Event tables are a set of Events. Each event is identified by an unique id and a reason.

<Off event. >=
// An event, it could be a trap, an interrupt, ...
class off_Event: public off_HWResUnit {
public:

  // Sets h as the handler for this event
  void set_handler( off_EventHandler h);
  // Gets the handler.
  off_EventHandler get_handler(void);
};
Defines off_Event (links are to index).

Events are handled by EventHandlers which can rely either on portals or, when delivered inside the kernel, on function calls.

<Off event handler. >=
class off_EventHandler {
public:
  // Calls the handler
  virtual void operator()( off_event_t ev, off_ev_reason_t reason, ... )=0;
};

class off_FnEventHandler : public off_EventHandler {
private:
  void (*handler)(off_event_t ev, off_ev_reason_t reason, ...);
public:
  // Calls the handler
  virtual void operator()( off_event_t ev, off_ev_reason_t reason, ... );
};

class off_PrtlEventHandler : public off_EventHandler {
private:
  // Its handler is
  //    void (*handler)(off_event_t ev, off_ev_reason_t reason, ...);
  off_prtl_id_t handler;
public:
  // Calls the handler
  virtual void operator()( off_event_t ev, off_ev_reason_t reason, ... );
};

Defines off_EventHandler, off_FnEventHandler, off_PrtlEventHandler (links are to index).

where

<Off events and reasons data types. >=
typedef natural_t off_event_t;
typedef natural_t off_reason_t;
Defines off_event_t, off_reason_t (links are to index).

In turn, events may be either Traps or Irqs (interrupts).

<Off Trap. >=
class off_Trap: public off_Event {
private:
  off_mdepTrap &t_mdep;
};
Defines off_Trap (links are to index).

Although traps cannot be raised artificially, interrupts can (e.g. to notify users or interrupts ``caused by the kernel'', and not by the hardware).

<Off Irq. >=
class off_Irq: public off_Event {
private:
  off_mdepIrq &i_mdep;
public:
  void raise(void);
  <Other public methods of off_Irq. >

};
Defines off_Irq (links are to index).

Whenever an interrupt happens, we must choose either to evict the current shuttle to dispatch the interrupt to its handler or to defer interrupt delivering in favor of the current shuttle.
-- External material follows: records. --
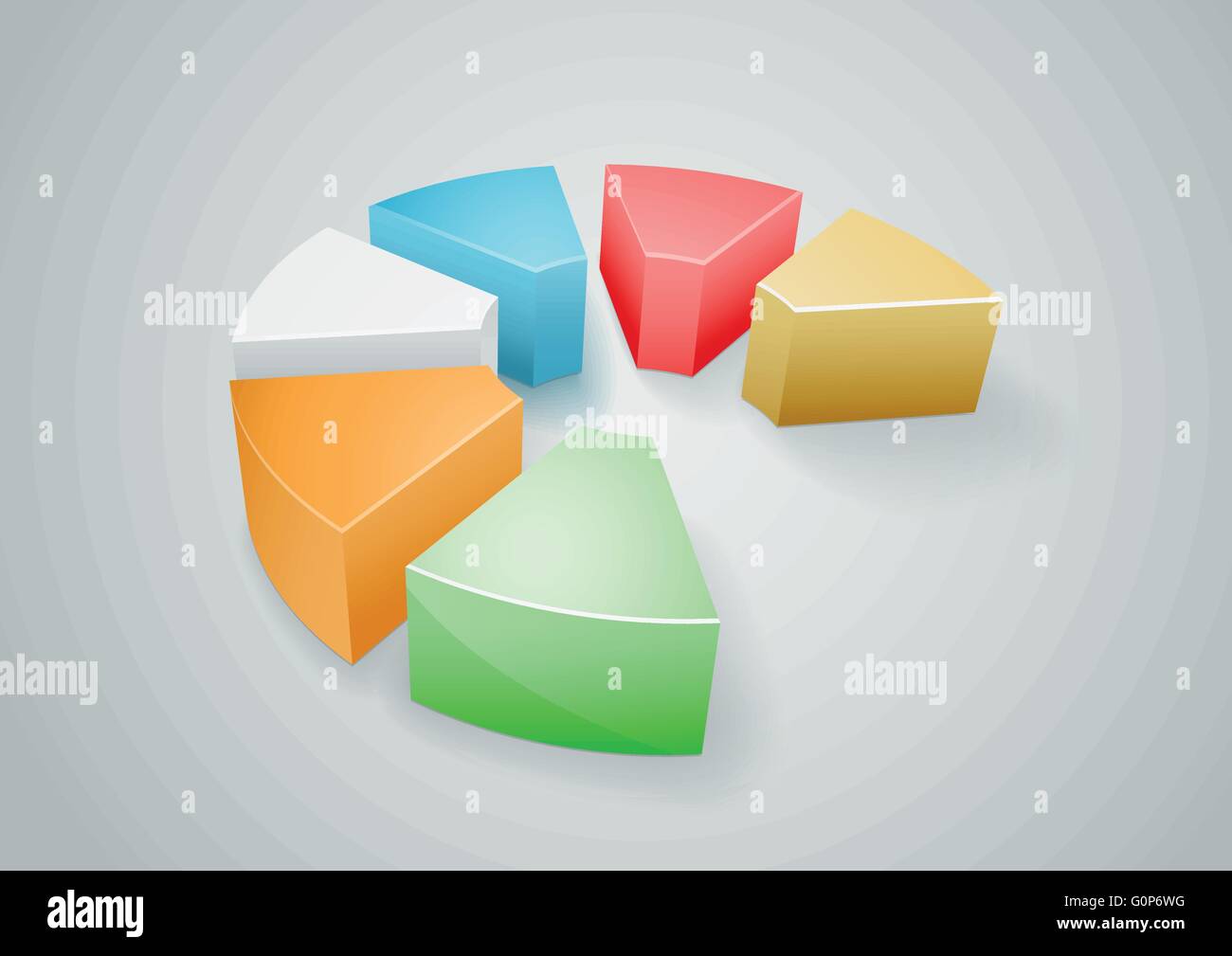 Vektor-Illustration des Kreisdiagramms. Stock Vektor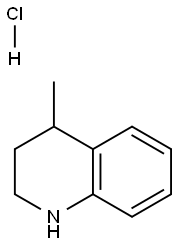 4-methyl-1,2,3,4-tetrahydroquinoline hydrochloride Struktur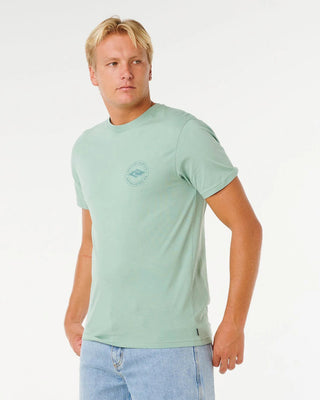 Rip Curl Staple Short Sleeve T-Shirt - Aloe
To make a choice, both shuttles and interrupts have priority-levels. See section 5.1.3 for a discussion of interrupt priorities.

<Other public methods of off_Irq. >= (<-U)
   //Sets/Gets the priority level for this interrupt. 
   void set_prty(off_pl_t prty);
   off_pl_t get_prty(void);

where

<Off interrupt priority level data type. >=
typedef natural_t off_pl_t;
Defines off_pl_t (links are to index).

We have been seeing a few machine dependent objects like off_mdepEvState, off_mdepTrap, and off_mdepIrq. Those are defined for a particular architecture and their meaning should be clear by the context. Machine dependent objects are always prefixed by off_mdep and will be described along with the system implementation.

Finally, there are some ``traps'' defined by Off++ and not by the hardware, some of them have appeared before and some will appear later on.

<Off Virtual traps. >=
// Virtual (Off++ raised) exceptions
enum off_ex_t { OFF_EX_UNUSED,       // resource no longer referenced
                OFF_EX_MISSING,      // resource missing (remote?)
                OFF_EX_UNAVAILABLE,  // resource exhaust
                OFF_EX_RELOC,        // resource has moved
                OFF_EX_XDT,          // translation to native format needed
                OFF_EX_FWD,          // request should be processed remotely
        OFF_EX_SCERR         // system call failed
                };
Defines OFF_EX_FWD, OFF_EX_MISSING, OFF_EX_RELOC, OFF_EX_SCERR, off_ex_t, OFF_EX_UNAVAILABLE, OFF_EX_UNUSED, OFF_EX_XDT (links are to index).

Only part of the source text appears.